Comment Re:Victory For Freedom (Score 2) 853
In the context of wireless, it's not trivial. There are spectrum auctions, licensing, site acquisition and leasing, marketing and customer support. The fact that you call it trivial betrays a certain ignorance on the topic. It's not dial-up.
More importantly, the "entitlement-crowd" is also known as "the customer crowd". As it stands at this very moment, I have an entitlement with AT&T for data carriage services from my smart phone to any site I so desire. That entitlement remains as long as my check cashes. If AT&T decides that their network infrastructure provides a better return on investment by prioritizing or engaging in tiers of service, then I will indeed find another ISP. And if necessary, I will go without a smart phone if it no longer fits what deem as an acceptable level of service.
I'm not alone in this thinking. While I greatly enjoy all the benefits of a smart phone with internet connectivity, piss me off and I'll slide my SIM into my $40 dumb phone, cancel all my data plans and AT&T just lost $180 month while conniving to get an extra $20 a month out of me in incremental service charges.

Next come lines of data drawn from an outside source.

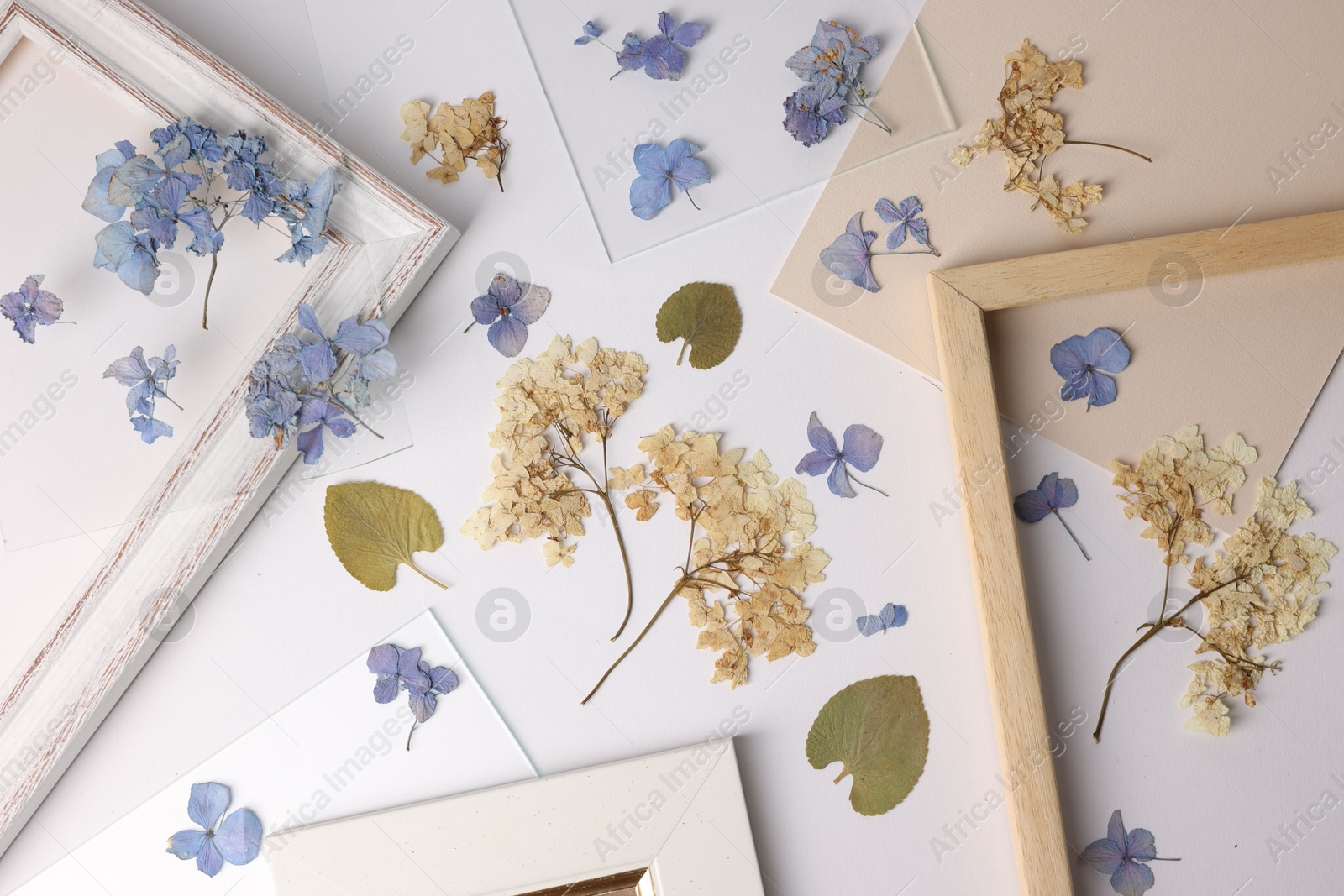 Beautiful dry flowers, green leaves and picture frame elements on white background, flat lay Photo of Beautiful dry flowers, green leaves and picture frame elements on white background, flat lay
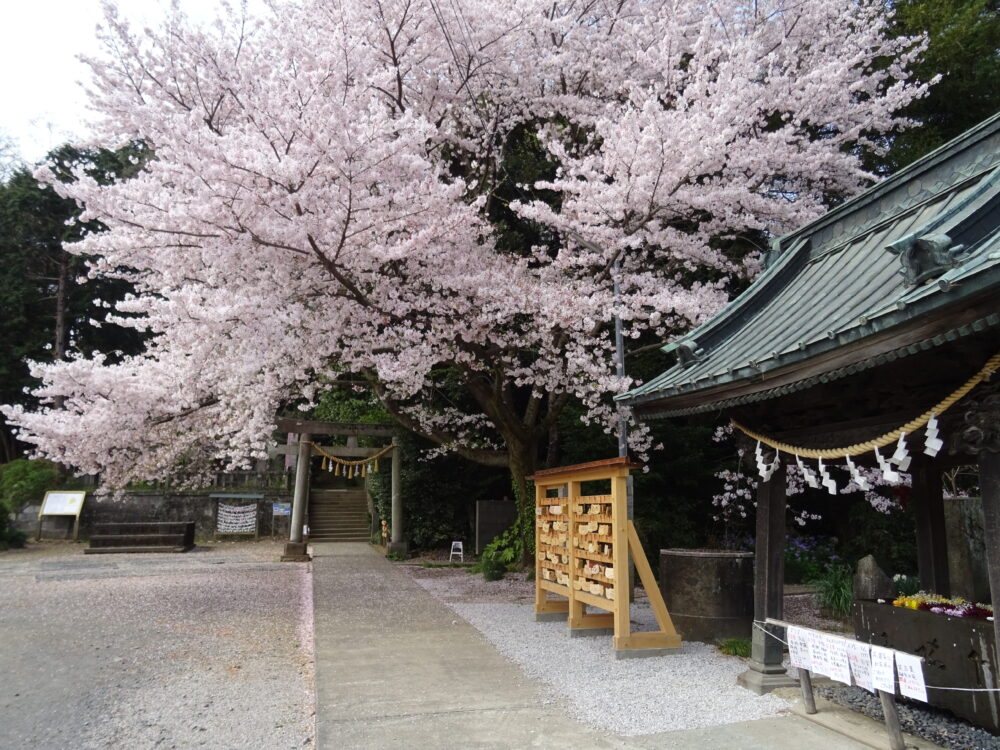 前玉神社の桜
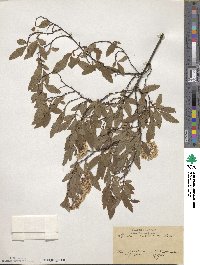 Spiraea cantoniensis image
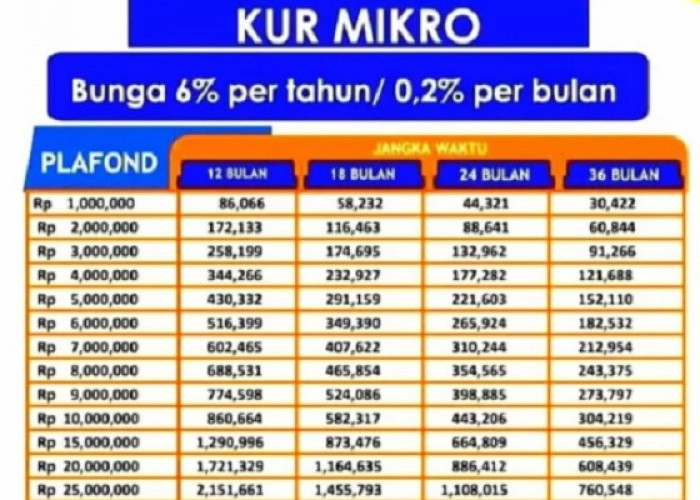 Simulasi Angsuran KUR BRI 50 Juta 3 Tahun, Dapatkan Tenor dan Cicilan Mulai dari 1 Juta Ini Tabel Lengkapnya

Having worked in the wireless industry, I agree that wireless data is fundamentally different than cable or wire-line access due to the scarcity of spectrum. But that isn't an open invitation to fleece the customer, and that is what this is about more than anything. Wall Street wants an ever increasing amount of flesh, and managers are required to deliver in order to justify their own entitlements.